The super long extensions, too much makeup, over-sized designer handbags,  shades, and heels look on a woman often times equal no substance at all.  To a free thinker, this “basket ball wife inspired fashion” modern trend is a total turn off.  Often times these women are more in to a man’s financial status and what he can provide for them, opposed to how she can be an asset to him and actually growing and building TOGETHER.  She will never admit it but it’s all about her.  Metaphorically, these women are often more concerned with the packaging and not the gift itself.  They may place too much thought on what others think of them, their mate, and/or their relationship.  How shallow?

Men who only want a chick that looks like a video vixen are often, you guessed it, shallow.  You’d be disappointed if you saw the flaws and blemishes of their physique before the digital enhancements.  That “beauty” you’re seeing on your screen is manufactured, which means it’s not real.  Yes men are very visual and step one is a physical attraction.  These men, however, aren’t looking for anything long term though.  They mainly want a “good night” with a pretty young thing or arm candy for cool points by their peers.  He’s not into her intellect, passions, or goals.  This type of guy isn’t using her values as a metric to measure if she would be a good fit for raising a family.  He’s self absorbed and it boosts his self esteem to know that he’s having a “good time” with something “exotic” even if he has to spend large sums of money to get it.

One of the main causes of divorce is money. Why? People loved each other well before currency was even invented.  So why has it become such a major part of relationships and marriages?  Does the phrase go “til death do us part” or “til DEBT do us part?” Yes, money does make certain situations more convenient and easier, but it won’t make you happy.  Happiness comes from within.  Happiness comes from being at peace with yourself and no amount of money can purchase this.  “What profits a man to gain the world, but lose his soul?” – Mark 8:36

You may be wondering why can’t you meet someone with all these mental attributes as well as financial security. It is not impossible, it is just highly unlikely.  If you have lived life long enough and have enough experiences under your belt you’d know that those with the most money are often arrogant, self absorbed, and use their riches to try and get whatever they want.  Those with the most substance often times are not the wealthiest.  It’s a give-and-take.  Just know that most of the time the more you get of one, the less you will  get of the other.
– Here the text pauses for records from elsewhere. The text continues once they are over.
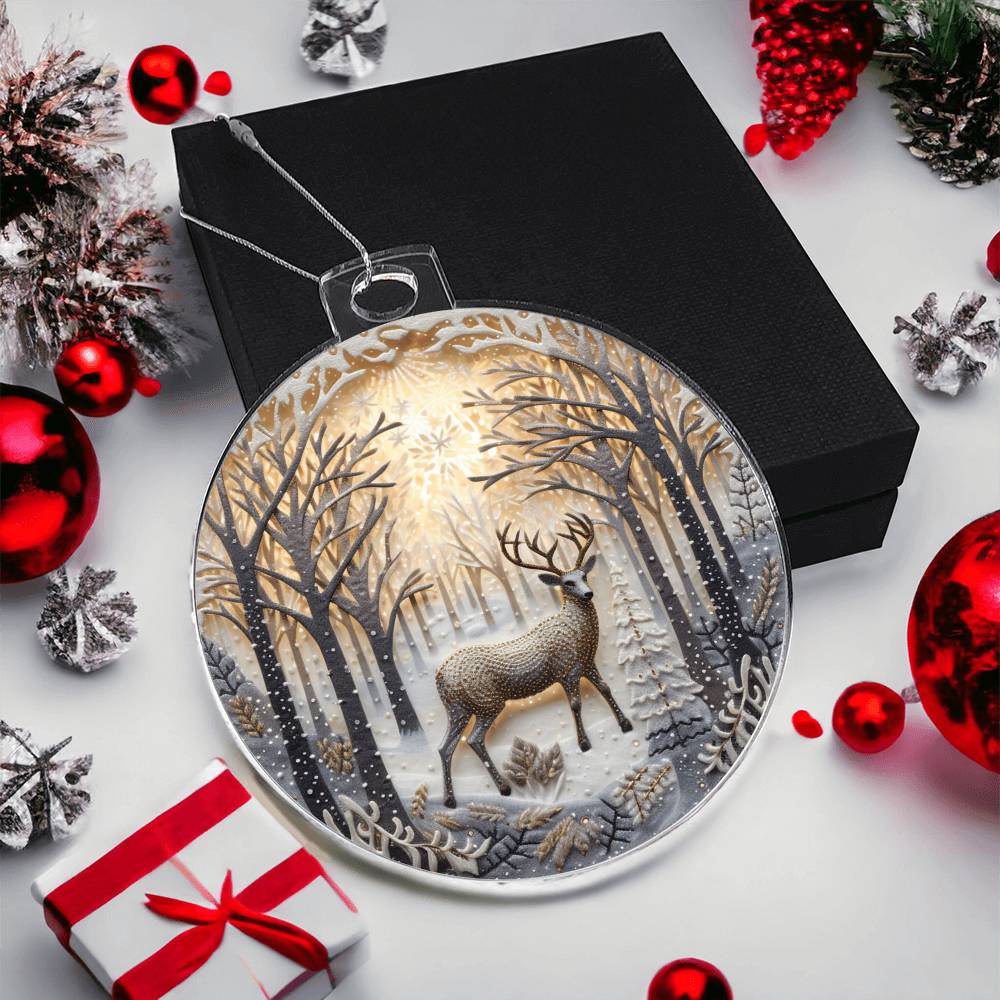 Christmas Ornament Deer in Snow Perfect for Holiday Decor-[Heartfelt Family Gift]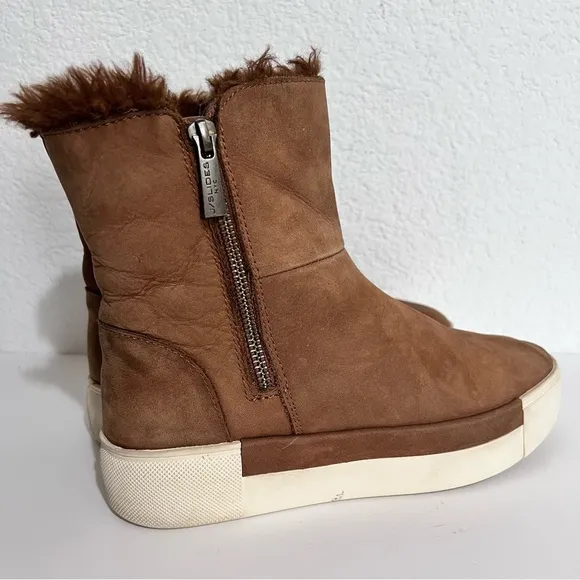 J/Slides NYC Victory Brown Nubuck Leather Faux Fur Lined Ankle Boots 7.5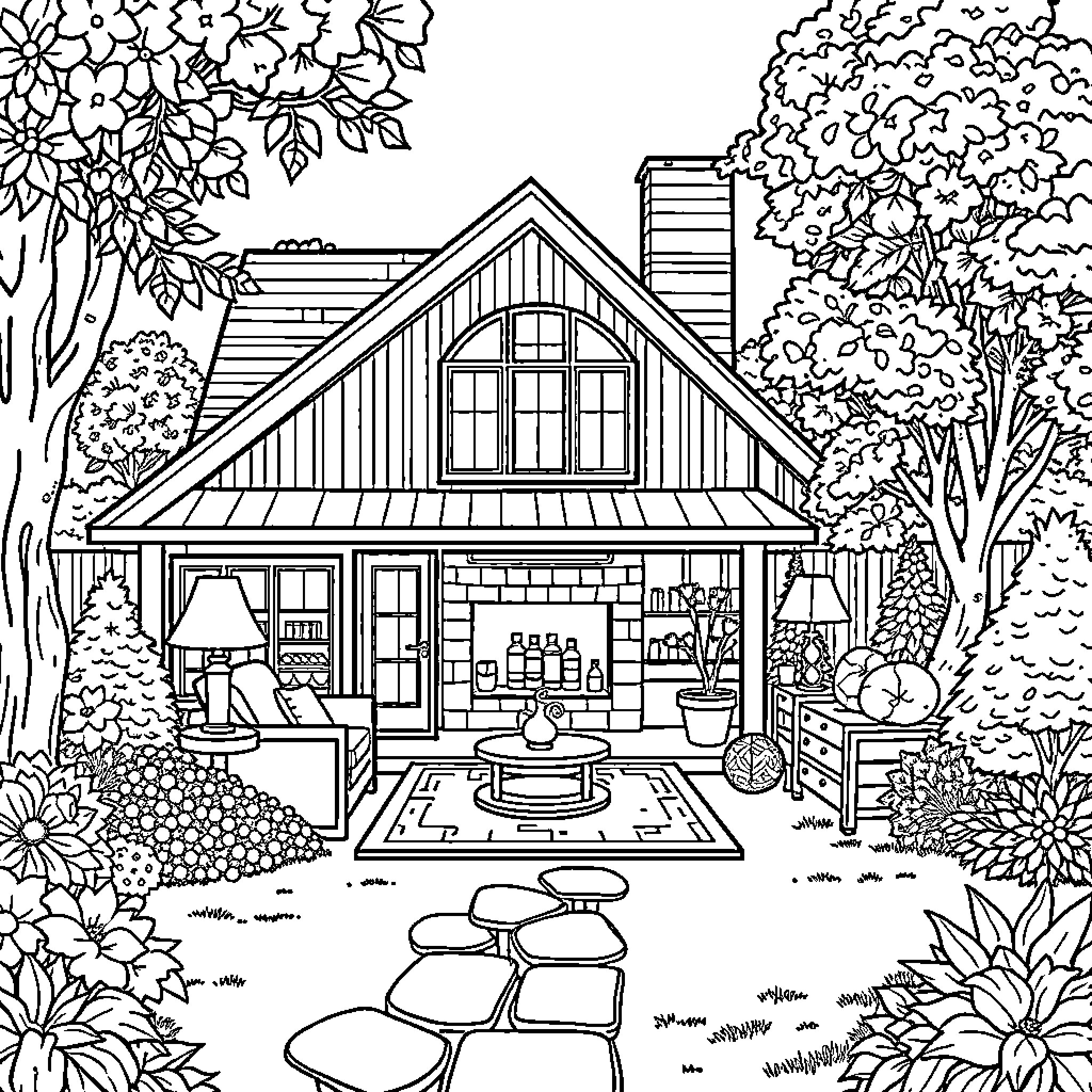 Home with Charming Outdoor Patio and Lush Foliage Coloring Page (free black-and-white line drawing printable PDF for all, from beginners to advanced learners, including children, teens, adults, and seniors)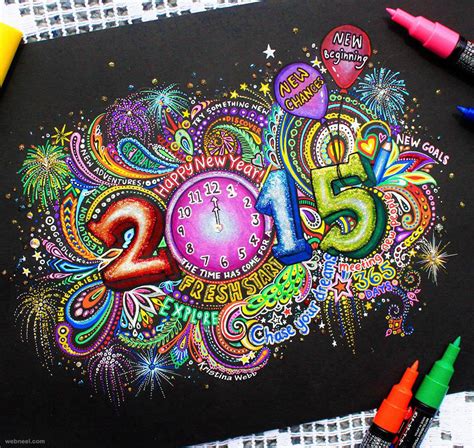 New Year Doodle By Kristinawebb 2015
That is what makes hipster love so amazing.  On the exterior the couple may seem so weird to the masses because they can appear to be odd.  Whether it’s an interracial couple, age difference, significant difference in height, or a couple dressed in what appears to be exotic attire, none of these factors are a deterrent when it comes to true love.  This is because the love is based on substance and not image and status.   So where do you go to greater your chances of meeting someone with substance?  Try bookstores, coffee shops, thrift shops, grocery stores, etc.  Target places where people aren’t too wrapped up in creating a persona about themselves, but are more likely to just be themselves.